Social Media Do’s and Don’ts for Job Seekers
June 22, 2015 by Raymond Lee
Online technology has not just become a part of the workplace; it has transformed the workplace entirely. Coworkers share their work using DropBox, bosses schedule meetings using their shared Google calendar, and conference calls are conducted over Facetime. However, for job seekers, the internet can become as much of a trap as it is a resource. Navigating the world wide web may seem like a daunting task, especially when it comes to finding a balance between managing one’s personal and public online identities. One of the most intimidating parts of the modern online work lifestyle lies in the realm of social media. Considering 93% of recruiters use or plan to use social media to aid in the hiring process, those looking for jobs need to make sure they know some dos and don’ts of the online world in order to make sure they are helped and not hindered by the online technology of today. Below are social media do’s and don’t for job seekers.
DO post as if everything can be seen by everyone.
Even if your Twitter account is set to private and you’re sure your Facebook security settings prevent unwanteds from viewing your posts, it’s better to be safe than sorry. In today’s world, your online self is an extension of your offline self. Your personal profile is an extension of your public profile. If you don’t want a boss, a friend, or a future employer to see a post, don’t take the risk. Keep your online identity positive rather than provocative.
DON’T create a bad first impression online.
Words and photos can easily be misconstrued out of context, so make sure to analyze before posting. If you have to think to yourself “If someone who hasn’t met me yet saw this photo, would they have a negative first impression of me?” then ask yourself if the picture is really worth posting. Additionally, vigorously posting about politics, social issues, or personal issues may cause profile viewers to form initial judgments, misguided or not. While your opinions are important to your identity, is your outspoken “Twitter rant” about your former boss worth jeopardizing your future career?
DO use LinkedIn to the fullest.
LinkedIn is arguably the most important site for networking and recruiting in the modern business world. The site is used by people of varying employment levels, including everything from recent grads to big business founders, so make sure your profile stays up to date. Make sure to mention all past work experience, emphasize your skills, and keep your page looking professional. Connect to as many Groups as you deem appropriate. Post positively and reflectively, making sure your presence on the site is demonstrative of who you are. Most importantly, use the networking ability of the site to make real, interpersonal relationships with those you connect with.
DON’T let your LinkedIn detract from who you are.
While sites like LinkedIn are meant to showcase your best qualities, it is easy to turn people off by simply using the site poorly. People quickly will judge you based on your online profile, so try to follow online etiquette guidelines. Don’t lie or embellish on your profile. Make sure not to over-post or spam your connections. Never criticize or negatively post in Groups. Don’t estrange connections by being generic and impersonal.
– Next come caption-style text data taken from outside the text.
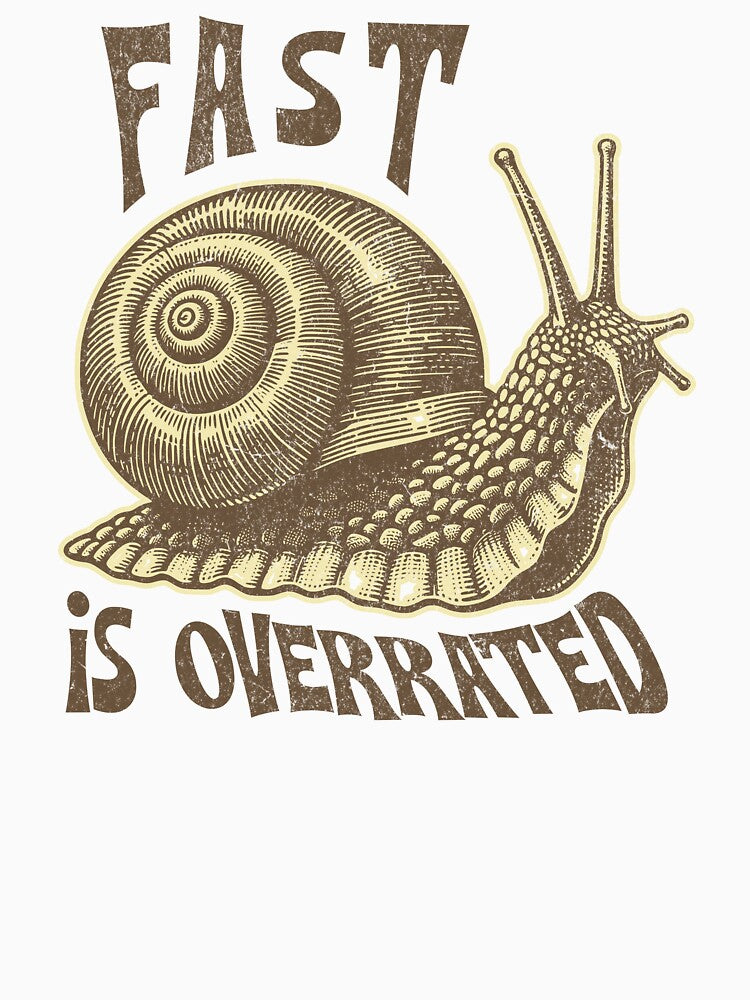 Fast Is Overrated – Vintage Snail Statement Design by NiceTeeClub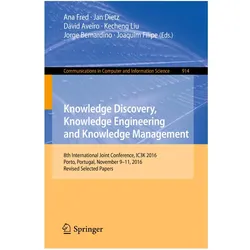 Knowledge Discovery, Knowledge Engineering and Knowledge Management, Fachbücher von Ana Fred, Joaquim Filipe, David Aveiro, Jorge Bernardino, Jan Dietz, Kecheng Liu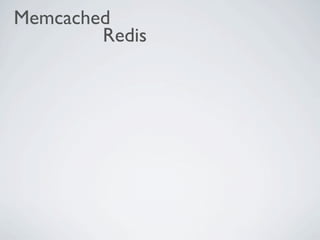 Memcached
        Redis
 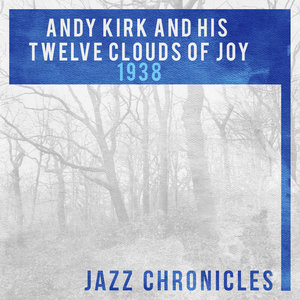 Andy Kirk and His Twelve Clouds of Joy: 1938 (Live)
The site exists to showcase your strengths, yet by making LinkedIn mistakes, you can create new weaknesses.
DO let your social media profiles become marketing tools for your personal brand.
Consistency is key: keeping information and photos up to date and accurate across all of your social media sites can help market yourself to employers. By emphasizing who you are, what you do, and what you want, it is easy for recruiters to see if you’re a promising potential hire. It also helps you as the searcher understand who you are trying to target with your own personal promotion. Use resources to help make your personal brand stand out and impress those who look at your page.
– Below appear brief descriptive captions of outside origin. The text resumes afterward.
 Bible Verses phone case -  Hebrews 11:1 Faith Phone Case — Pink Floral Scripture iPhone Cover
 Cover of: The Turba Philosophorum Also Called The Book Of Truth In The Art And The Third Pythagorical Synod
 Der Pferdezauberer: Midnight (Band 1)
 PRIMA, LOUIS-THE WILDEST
DON’T become a self-marketing machine.
Bragging online is just as bad as bragging in person. If your pages become overwhelmingly self-promotional, they become a deterrent. The beauty of social media is that it allows you to connect with others, so involve your audience; if they feel included in what you say, they’ll actually want to see what you post. Additionally, if your posting is mechanical, scripted, or unnatural, it may seem like you exhibit those undesirable traits in real life. Do not let your positive personality traits be covered by impersonal and unrealistic social media behavior.
DO use social media as the beginning point, not the end goal.
Nothing, not even a direct message, can replace a face-to-face, personal conversation. By properly putting yourself out there online, you expose yourself to an internet full of people. Let these online connections propel you to make offline connections. Social media should be used as a helpful tool in sparking real-world relationships.